En prenant quelques définitions du mot tongue en anglais, dans un état d’esprit exalté et un peu délirant, j’ai commencé à les traduire d’avant en arrière entre le français et l’anglais. Je voulais voir ce qui se passe quand la traduction cherche à faire apparaître les échecs à travers différents registres. Les ratés fortuits ont fini par se détendre dans le non-sens, une sorte de traduction hystérique. Le texte issu de ce processus a été conçu par Simon Guibord pour trois bannières installées sur le mur extérieur d’AXENÉO7, invitant, par la lecture publique, à une rencontre avec la nature absurde de la langue, de la traduction et de leurs politiques associées.

broken telephone (atelier)

Participant·e·s :

Marc Alexandre

Vincent Bonin

Sophie Bélair Clément

Wawa Li

Diyar Mayil

Florence Simard

Hannah Strauss

Dans le cadre du projet tongue breaks, 7 artistes et auteur·rice·s ont été invité·e·s à AXENÉO7 pour une après-midi de traduction expérimentale.

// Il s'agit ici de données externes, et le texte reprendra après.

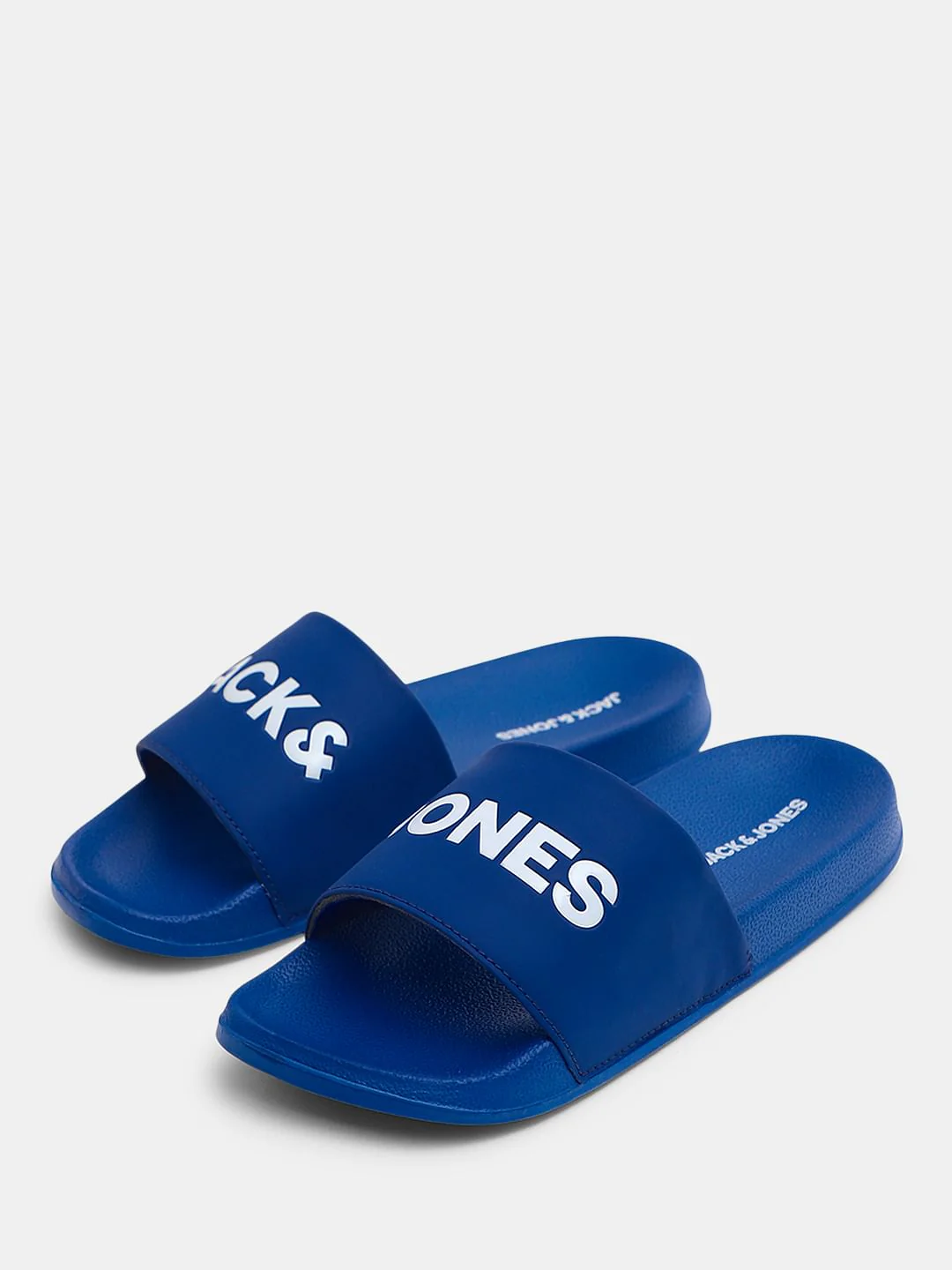 Dark Blue Logo Print Pool Sliders - Image 6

J’ai envoyé à l’avance aux participant·e·s le texte des bannières tonguelangue, ainsi qu’un texte plus long sur les questions et idées qui sous-tendent la résidence, en leur demandant d’apporter un petit objet librement inspiré de ceux-ci. À partir de ces objets, nous avons suivi une structure de « téléphone arabe » pour les décrire et les traduire. Pendant plusieurs heures, nous avons enchaîné une série d’actions simples :

Action 1 : passez votre objet à gauche

Action 2 : traduisez l’objet que vous tenez maintenant, par écrit ou par dessin

Action 3 : passez à gauche l’objet, ainsi que votre traduction

Action 4 : traduisez l’objet que vous tenez maintenant, par écrit, par dessin, ou répondez librement/de manière associative à sa traduction

ETC.

Une fois que l’objet et ses traductions étaient revenus à leur point de départ, chacun·e a brièvement partagé ses associations personnelles avec l’objet et ce qu’il signifie pour elle ou lui. Enfin, nous avons écrit quelques mots directement à la personne ayant apporté l’objet, en connaissant désormais son origine, que nous avions d’abord rencontrée sans description. Les participant·e·s ont été invité·e·s à m’envoyer par la poste une petite œuvre en deux dimensions quelques semaines après l’atelier, si le processus ou les notes reçues les avaient inspiré·e·s.

tongue breaks (micropublication)

Une autre réalisation de la résidence sera une micropublication, actuellement en cours, qui rassemblera la documentation des résultats de l’atelier et des œuvres envoyées par la poste, accompagnée d’un texte.

Hannah Azar Strauss est une artiste vivant à Tiohtià:ke/Mooniyang, aussi connu sous le nom de Montréal. Travaillant principalement avec le dessin, l'impression et les livres expérimentaux, sa pratique explore l'éloignement linguistique, les gestes quotidiens et la culture de la mémoire à travers les archives. Son plus récent travail s’est principalement développé à travers de lents projets itératifs, inspirés par le procédé de traduction. Elle enseigne au Collège Vanier en communications, médias et en arts visuels.